DATA SHOWN below:

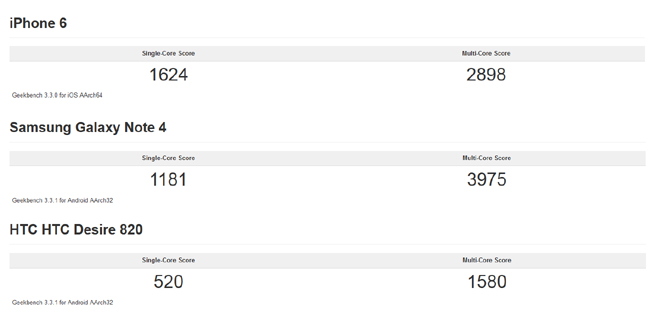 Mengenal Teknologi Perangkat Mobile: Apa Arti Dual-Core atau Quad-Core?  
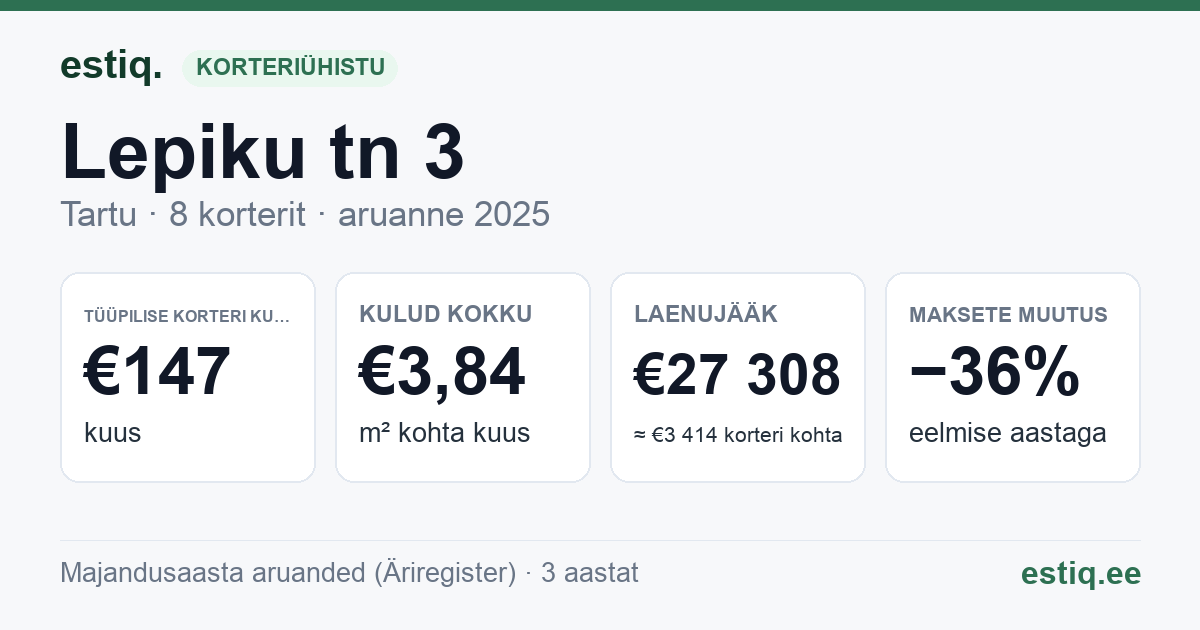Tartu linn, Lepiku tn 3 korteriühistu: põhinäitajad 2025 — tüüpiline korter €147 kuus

End of DATA SHOWN.
DATA SHOWN below:

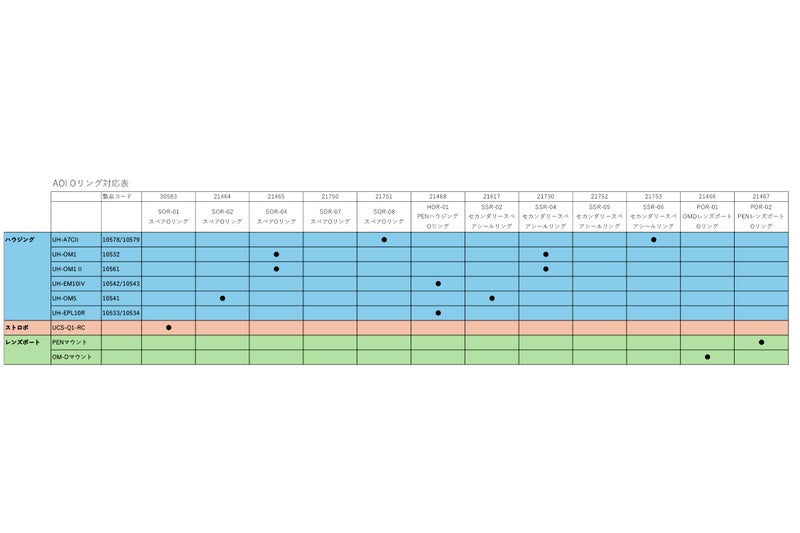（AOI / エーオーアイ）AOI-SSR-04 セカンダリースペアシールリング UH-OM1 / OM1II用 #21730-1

End of DATA SHOWN.

• [REQUIRED ACTION]:
Both boundary lines included, write out word for word only the lines above from the one containing "Mengenal Teknologi Perangkat" to the one containing "Tartu linn, Lepiku", leaving out any pictures.

• [WRITTEN REPLY]:
 Mengenal Teknologi Perangkat Mobile: Apa Arti Dual-Core atau Quad-Core?  
Tartu linn, Lepiku tn 3 korteriühistu: põhinäitajad 2025 — tüüpiline korter €147 kuus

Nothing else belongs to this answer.